Hidden Problems in Your LC–MS Data?

If you don’t examine your LCMS data closely, you could be missing some of these effects, and those problems with your quantitative data will never be fixed.

Take a look at the standard curve from an LC–MS determination of Alprazolam from a benzodiazepine screen. The peak area ratio of the analyte against its deuterated analogue is plotted against nominal concentration.

 

All good then-continue to collect or analyze the remainder of you data. Except the person acquiring data reported that there were issues with accuracy and reproducibility of QC samples at the lower concentrations and they had noticed that the theoretical ratio between analyte and internal standard did not match the ratio determined experimentally.

The raw data is shown in Table I and is represented graphically in Figures 2 and 3.

Table I: Data from the ESI LCMS determination of Alprazolam using D5-Alprazolam as the internal standard.

 

 

 

 

 

Notice anything?

Well – if this method was behaving properly, one would expect that the D5-Alprazolam would have an approximately constant peak area and it looks as though the area is decreasing logarithmically (and even then we just guessed at the best regression model!) (Figure 3). At the same time the alprazolam standard response looks to be following an approximately 2nd order polynomial response and higher concentration standard areas are clearly deviating from linearity (Figure 2). 

So, as the alprazolam concentration increases, the D5 Alprazolam area decreases and there seems to be some sort of issue with decreasing overall response with increasing analyte concentration. 

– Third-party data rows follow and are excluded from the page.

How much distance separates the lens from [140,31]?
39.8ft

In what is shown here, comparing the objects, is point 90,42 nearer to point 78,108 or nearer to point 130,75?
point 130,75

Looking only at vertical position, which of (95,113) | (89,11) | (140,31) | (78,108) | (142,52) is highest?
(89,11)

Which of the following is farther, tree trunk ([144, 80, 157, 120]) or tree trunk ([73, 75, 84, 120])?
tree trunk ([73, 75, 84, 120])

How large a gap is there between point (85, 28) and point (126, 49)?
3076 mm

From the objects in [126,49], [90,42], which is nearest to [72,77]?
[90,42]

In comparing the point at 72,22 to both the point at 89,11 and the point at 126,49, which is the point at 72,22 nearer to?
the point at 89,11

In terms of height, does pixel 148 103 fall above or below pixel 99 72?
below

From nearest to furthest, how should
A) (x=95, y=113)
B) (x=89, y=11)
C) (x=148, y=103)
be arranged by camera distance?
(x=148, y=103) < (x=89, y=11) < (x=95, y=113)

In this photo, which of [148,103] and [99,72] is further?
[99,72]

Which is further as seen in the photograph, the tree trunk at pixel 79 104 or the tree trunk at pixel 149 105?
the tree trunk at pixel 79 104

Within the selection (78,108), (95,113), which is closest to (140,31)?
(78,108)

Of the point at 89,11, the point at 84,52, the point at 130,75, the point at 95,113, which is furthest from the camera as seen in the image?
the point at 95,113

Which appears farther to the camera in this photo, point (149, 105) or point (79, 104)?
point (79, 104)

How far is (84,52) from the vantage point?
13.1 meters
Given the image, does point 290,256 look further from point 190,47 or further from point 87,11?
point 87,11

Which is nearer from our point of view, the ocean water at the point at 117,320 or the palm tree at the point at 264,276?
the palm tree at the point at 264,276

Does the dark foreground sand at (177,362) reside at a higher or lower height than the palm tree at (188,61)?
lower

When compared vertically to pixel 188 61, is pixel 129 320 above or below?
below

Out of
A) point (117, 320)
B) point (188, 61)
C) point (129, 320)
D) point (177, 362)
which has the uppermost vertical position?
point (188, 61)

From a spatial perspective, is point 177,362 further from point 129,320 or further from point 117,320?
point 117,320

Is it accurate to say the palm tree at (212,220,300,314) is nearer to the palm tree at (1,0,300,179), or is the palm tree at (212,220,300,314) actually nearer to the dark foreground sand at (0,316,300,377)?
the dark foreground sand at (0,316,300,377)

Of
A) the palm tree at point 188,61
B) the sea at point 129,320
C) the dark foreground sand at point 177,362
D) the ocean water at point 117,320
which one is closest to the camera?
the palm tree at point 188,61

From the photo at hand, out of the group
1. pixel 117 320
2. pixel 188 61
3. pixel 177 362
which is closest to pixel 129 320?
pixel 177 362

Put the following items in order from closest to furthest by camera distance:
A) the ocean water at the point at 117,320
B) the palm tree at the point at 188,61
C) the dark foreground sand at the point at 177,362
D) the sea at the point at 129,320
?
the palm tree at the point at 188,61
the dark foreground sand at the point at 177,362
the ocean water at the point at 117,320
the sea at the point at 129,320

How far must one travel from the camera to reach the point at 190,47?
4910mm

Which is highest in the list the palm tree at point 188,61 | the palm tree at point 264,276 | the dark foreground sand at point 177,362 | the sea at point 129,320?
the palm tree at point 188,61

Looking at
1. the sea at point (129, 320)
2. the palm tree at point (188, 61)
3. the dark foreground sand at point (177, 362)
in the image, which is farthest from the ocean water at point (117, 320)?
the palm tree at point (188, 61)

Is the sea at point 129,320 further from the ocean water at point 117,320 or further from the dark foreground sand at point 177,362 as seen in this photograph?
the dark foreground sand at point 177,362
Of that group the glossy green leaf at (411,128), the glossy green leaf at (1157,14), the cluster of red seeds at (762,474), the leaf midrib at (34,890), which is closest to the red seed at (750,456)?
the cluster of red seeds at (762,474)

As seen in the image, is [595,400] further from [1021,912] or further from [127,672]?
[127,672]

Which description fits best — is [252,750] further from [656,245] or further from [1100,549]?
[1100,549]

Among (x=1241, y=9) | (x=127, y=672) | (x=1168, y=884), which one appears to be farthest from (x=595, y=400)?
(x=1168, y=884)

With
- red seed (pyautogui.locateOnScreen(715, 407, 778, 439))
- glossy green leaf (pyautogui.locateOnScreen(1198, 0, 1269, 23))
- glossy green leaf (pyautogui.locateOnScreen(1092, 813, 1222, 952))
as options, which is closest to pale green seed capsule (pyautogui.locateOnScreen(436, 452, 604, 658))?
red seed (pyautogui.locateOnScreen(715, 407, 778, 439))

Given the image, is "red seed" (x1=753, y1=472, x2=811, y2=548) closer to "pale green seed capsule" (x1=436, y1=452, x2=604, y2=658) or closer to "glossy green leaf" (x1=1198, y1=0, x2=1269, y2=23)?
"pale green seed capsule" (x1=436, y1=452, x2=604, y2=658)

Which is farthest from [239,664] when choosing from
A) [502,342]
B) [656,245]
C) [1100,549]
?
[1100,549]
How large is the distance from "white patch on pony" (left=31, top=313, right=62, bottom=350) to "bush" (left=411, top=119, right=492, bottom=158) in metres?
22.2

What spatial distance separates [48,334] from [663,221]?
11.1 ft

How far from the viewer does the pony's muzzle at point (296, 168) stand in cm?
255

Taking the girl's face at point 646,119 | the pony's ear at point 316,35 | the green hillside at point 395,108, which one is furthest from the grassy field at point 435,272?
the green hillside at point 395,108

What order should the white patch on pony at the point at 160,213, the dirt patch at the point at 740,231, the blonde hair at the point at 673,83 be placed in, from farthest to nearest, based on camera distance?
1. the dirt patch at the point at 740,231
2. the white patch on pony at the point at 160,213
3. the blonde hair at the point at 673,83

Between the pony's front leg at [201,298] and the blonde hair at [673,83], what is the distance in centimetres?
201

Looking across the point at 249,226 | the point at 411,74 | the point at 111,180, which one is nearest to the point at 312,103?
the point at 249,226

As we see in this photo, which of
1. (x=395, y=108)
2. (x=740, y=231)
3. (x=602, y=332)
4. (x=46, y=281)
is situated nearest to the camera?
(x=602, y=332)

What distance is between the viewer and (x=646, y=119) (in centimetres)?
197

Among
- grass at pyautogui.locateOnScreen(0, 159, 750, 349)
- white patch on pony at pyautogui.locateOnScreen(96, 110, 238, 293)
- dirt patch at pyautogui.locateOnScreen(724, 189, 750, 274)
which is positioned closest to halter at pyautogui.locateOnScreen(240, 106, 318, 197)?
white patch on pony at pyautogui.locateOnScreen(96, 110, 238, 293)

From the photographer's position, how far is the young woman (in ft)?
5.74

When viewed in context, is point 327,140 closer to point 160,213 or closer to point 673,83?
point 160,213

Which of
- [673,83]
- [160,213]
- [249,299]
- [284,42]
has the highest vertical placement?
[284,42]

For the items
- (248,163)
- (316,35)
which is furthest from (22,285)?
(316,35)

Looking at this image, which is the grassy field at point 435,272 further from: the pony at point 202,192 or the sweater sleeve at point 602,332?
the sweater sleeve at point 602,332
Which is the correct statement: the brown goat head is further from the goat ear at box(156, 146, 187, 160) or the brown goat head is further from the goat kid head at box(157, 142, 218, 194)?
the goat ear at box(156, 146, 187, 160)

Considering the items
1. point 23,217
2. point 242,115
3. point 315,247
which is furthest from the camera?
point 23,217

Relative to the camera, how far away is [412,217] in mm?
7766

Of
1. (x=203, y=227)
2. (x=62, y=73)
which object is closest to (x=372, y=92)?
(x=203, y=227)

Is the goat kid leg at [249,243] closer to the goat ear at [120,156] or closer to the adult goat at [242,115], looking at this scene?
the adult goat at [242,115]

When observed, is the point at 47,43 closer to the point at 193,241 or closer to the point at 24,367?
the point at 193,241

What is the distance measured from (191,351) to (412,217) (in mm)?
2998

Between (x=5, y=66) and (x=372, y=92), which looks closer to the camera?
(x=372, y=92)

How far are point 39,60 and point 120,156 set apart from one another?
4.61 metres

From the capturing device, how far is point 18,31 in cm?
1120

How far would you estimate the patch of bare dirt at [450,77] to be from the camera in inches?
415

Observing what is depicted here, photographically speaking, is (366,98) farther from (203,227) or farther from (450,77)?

This is a VERY COMMON phenomenon in LC–MS and if you don’t check your data for this type of issue then you may be missing something very important!

The issues that are causing the problem here are sometimes referred to as “ion suppression,” however the usual experiments carried out to investigate this phenomenon are unlikely to reveal the underlying cause. 

Figure 4 shows an experiment in which the analyte is spiked into the HPLC eluent and a matrix blank (human plasma in this case) injected. If species within the matrix are artificially suppressing (or enhancing) the analyte signal, then a large negative or positive peak will occur as the matrix peak elutes into the detector; a typical example of this is shown in Figure 4, and indicates the matrix is suppressing the oxycodone signal.

Figure 4: Resulting chromatogram from a blank plasma matrix injection into an eluent spiked with easily detectable levels of Oxycodone.

 

In the case of our alprazolam experiment, this experiment caused virtually no baseline disturbance–indicating that the problem is not being caused by matrix interferences.

So what then? And how can we prevent the problem from happening?

First, a little theory about the nature of Electrospray Ionization–and I’ve tried to keep this as simple as possible, so the theory is a little “generalized”….

In ESI processes, droplets within the desolvation zone undergo “fissions” in which some of the droplet volume and a lot of the droplet charges (analyte and other ions) leave the parent droplet through a series of these droplet fissions, eventually ending up in very low volume droplets (offspring droplets) with a lot of charge, from which the analyte ion can “evaporate” into the gas and be samples into the mass analyzer. 

Analyte ions at the droplet surface have a better chance of making it into the offspring droplet and ultimately to evaporating into the gas phase–and therefore being detected.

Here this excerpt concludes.